See below for a summary of the case.
A coal mining company has failed to convince the AAT that certain activities designed to make extracting coal from particular deposits commercially viable were “core activities” for R&D purposes.
The taxpayer wanted to develop new mining and beneficiation processes that would enable it to extract and process coal in a commercially viable way in an area of central Queensland known as FCCM.
It therefore applied to register various activities as “core” R&D activities for the 2011-12 income year (as part of a 3-year project), including:
- a 2D seismic survey and a SkyTEM electromagnetic survey;
- drilling to validate the survey results and provide samples for independent analysis; and
- the analysis.
Innovation and Science Australia, however, decided that the activities were not “core activities”, a decision upheld by the AAT.
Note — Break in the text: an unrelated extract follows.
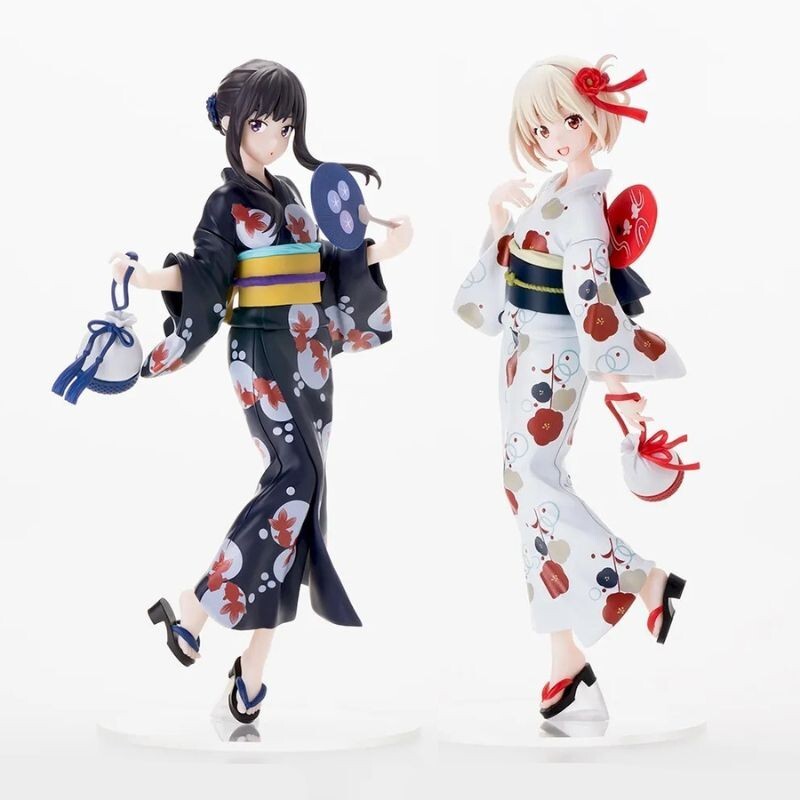 LYCORIS RECOIL フィギュア 2体セット Luminasta Lycoris Recoil Takina Inoue & Chisato Nishikigi Yukata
The activities were “generic exploration activities” which a company with a mining tenement would undertake in order to ascertain the location, quality and size of the coal resources. Accordingly, they came within the exemption from “core activities” in s 355-25(2)(b), namely for prospecting or drilling for minerals for the purposes of discovering deposits, determining more precisely the location of deposits and/or determining the size or quality of deposits.
(Coal of Queensland Pty Ltd v Innovation and Science Australia  AATA 126, AAT, McCabe DP and Poljak SM, 30 January 2020.)